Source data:
§

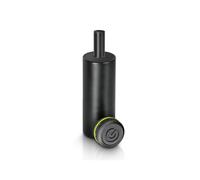 Gravity SF 3616 M - Reducer Flange from 36 mm to 16 mm, Male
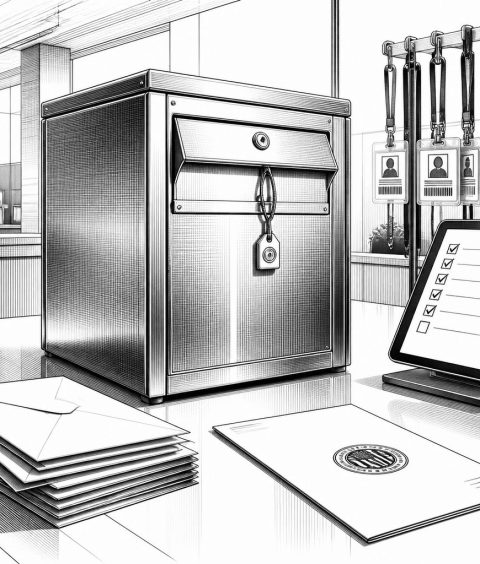 ai-us-election-security-letter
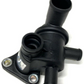 New OEM Kia Fitting Water Outlet 2561102566
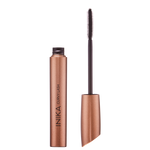 Last inn bildet i Galleri-visningsprogrammet, Maskara | Curvy Lash Mascara - Sort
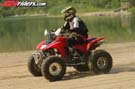 atvriders-2014-maxc-05-youth-atv-9320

§

TASK STATEMENT: Your reply should hold every line above exactly as written and none of the pictures.

REPLY TO THE TASK:
 Gravity SF 3616 M - Reducer Flange from 36 mm to 16 mm, Male
 ai-us-election-security-letter
 New OEM Kia Fitting Water Outlet 2561102566
 Last inn bildet i Galleri-visningsprogrammet, Maskara | Curvy Lash Mascara - Sort
 atvriders-2014-maxc-05-youth-atv-9320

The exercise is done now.